A recent collaborative effort between Queller and other scientists tested kinship theory by cross-breeding Africanized and European worker bees. The researchers already knew that Africanized honeybees develop larger ovaries and produce more eggs than their European counterparts. Therefore, they predicted that the hybrid worker bees with Africanized fathers and European mothers would develop larger ovaries and produce more eggs than the bees with European fathers and Africanized mothers based on the hypothesis that the father’s genes would increase the growth and activity of these reproductive organs.
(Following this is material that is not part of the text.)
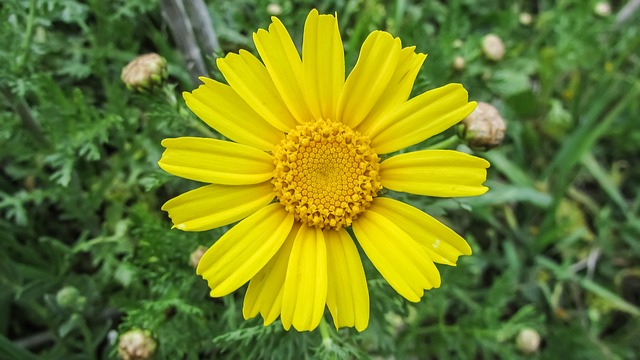 Arnica montana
The results were as predicted: the bees with Africanized fathers had larger ovaries and reproduced more than those with Africanized mothers, suggesting that the father’s genes do increase reproduction as compared to the mother’s genes.
The study also took advantage of RNA sequencing technology to compare the expression of maternal and paternal genes between sterile and reproducing worker bees. Again, as expected, reproducing bees expressed the paternal versions of genes over the maternal versions more often than sterile bees. Additionally, several of these differentially- expressed genes are known to be involved in egg production, such as the transcription and upregulation of an important yolk precursor protein.
These results support the theory that maternally and paternally inherited genes compete to determine the reproductive behavior of worker bees with expression of paternal genes favoring increased reproductive behavior as compared to the maternal versions. These findings also provide strong support for kinship theory since the study conclusively demonstrated that paternally-inherited genes favor behaviors that increase reproductive behavior while maternally-inherited genes favor altruistic behaviors. The social insect has always been a valuable subject for the study of kin selection and these results suggest a promising new opportunity for investigation of this theory within the genome.